Figure 6 further compares DefectFill against a standard Stable Diffusion model using a different loss (CLiC). Standard models tend to prioritize “healing” the image, whereas DefectFill prioritizes inserting the anomaly.

Figure 6. Comparison of DefectFill against standard Stable Diffusion with CLiC loss.

Limitations and Future Work

While DefectFill is a significant step forward, it isn’t magic. The authors candidly present failure cases, particularly regarding “structural” defects.

Figure S2. Failure cases involving structural defects like flipped metal nuts.

Because DefectFill relies on inpainting a masked area, it struggles with global anomalies. For example, if a metal nut is flipped over (a structural change), masking just a part of it doesn’t really work—the model learns the texture of the back of the nut but doesn’t understand the concept of “flipped.” Similarly, for misplaced transistors, the randomness of generation can sometimes result in a ghost-like transparency rather than a solid object.

Conclusion

DefectFill represents a paradigm shift in industrial AI. Instead of relying on manual data collection for rare events, we can now use Inpainting Diffusion Models to hallucinate realistic defects.

By carefully designing loss functions that balance defect detail, object context, and attention alignment, DefectFill turns a shortage of data into an abundance of high-quality training material.

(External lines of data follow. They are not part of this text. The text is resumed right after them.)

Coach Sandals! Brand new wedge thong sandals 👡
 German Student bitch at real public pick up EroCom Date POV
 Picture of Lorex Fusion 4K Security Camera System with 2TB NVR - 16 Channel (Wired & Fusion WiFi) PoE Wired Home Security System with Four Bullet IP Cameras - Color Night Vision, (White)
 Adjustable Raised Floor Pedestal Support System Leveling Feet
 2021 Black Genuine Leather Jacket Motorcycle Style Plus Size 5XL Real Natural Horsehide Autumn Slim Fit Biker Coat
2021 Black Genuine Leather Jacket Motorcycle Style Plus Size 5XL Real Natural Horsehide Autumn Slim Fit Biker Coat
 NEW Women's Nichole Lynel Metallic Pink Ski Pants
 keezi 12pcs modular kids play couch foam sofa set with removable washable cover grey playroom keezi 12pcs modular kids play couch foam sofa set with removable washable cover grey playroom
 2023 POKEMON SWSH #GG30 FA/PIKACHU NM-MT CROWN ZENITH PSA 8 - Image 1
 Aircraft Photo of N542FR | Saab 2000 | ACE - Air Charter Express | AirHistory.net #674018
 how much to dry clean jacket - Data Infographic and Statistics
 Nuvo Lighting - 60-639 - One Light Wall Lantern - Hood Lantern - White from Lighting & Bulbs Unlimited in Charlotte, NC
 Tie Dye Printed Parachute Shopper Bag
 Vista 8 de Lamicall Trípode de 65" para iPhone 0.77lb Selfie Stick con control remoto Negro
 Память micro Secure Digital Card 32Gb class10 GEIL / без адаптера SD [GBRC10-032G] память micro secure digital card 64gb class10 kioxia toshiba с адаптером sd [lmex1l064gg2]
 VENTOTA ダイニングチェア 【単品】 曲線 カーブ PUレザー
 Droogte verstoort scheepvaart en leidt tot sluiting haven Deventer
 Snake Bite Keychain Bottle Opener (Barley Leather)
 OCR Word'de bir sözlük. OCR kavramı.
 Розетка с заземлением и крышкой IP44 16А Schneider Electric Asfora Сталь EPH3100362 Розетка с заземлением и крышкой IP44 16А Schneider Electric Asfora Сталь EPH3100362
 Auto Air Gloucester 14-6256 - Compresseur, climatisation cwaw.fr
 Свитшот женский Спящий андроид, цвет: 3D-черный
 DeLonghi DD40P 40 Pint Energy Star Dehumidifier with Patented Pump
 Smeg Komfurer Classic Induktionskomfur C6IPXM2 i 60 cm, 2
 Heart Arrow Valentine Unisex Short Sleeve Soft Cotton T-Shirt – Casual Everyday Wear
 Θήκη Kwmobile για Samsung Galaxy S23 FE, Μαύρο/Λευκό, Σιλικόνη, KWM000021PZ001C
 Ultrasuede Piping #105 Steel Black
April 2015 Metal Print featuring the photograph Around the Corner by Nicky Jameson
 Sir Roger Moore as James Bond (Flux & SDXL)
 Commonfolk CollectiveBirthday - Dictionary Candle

For students and researchers in computer vision, this paper highlights an important lesson: using a powerful pre-trained model (like Stable Diffusion) is a great start, but fine-tuning it with domain-specific constraints (masks and custom losses) is what solves real-world problems.

Key Takeaways

  1. Inpainting > Generation: For defects, preserving the original object’s structure is key.
  2. Context Matters: A defect isn’t just a texture; it’s a disruption of an existing surface. The Object Loss captures this.
  3. Low Fidelity is Useful: When trying to create anomalies, the best result is often the one that looks least like the original healthy image.
  4. SOTA Performance: Synthetic data can now train classifiers that rival those trained on real data.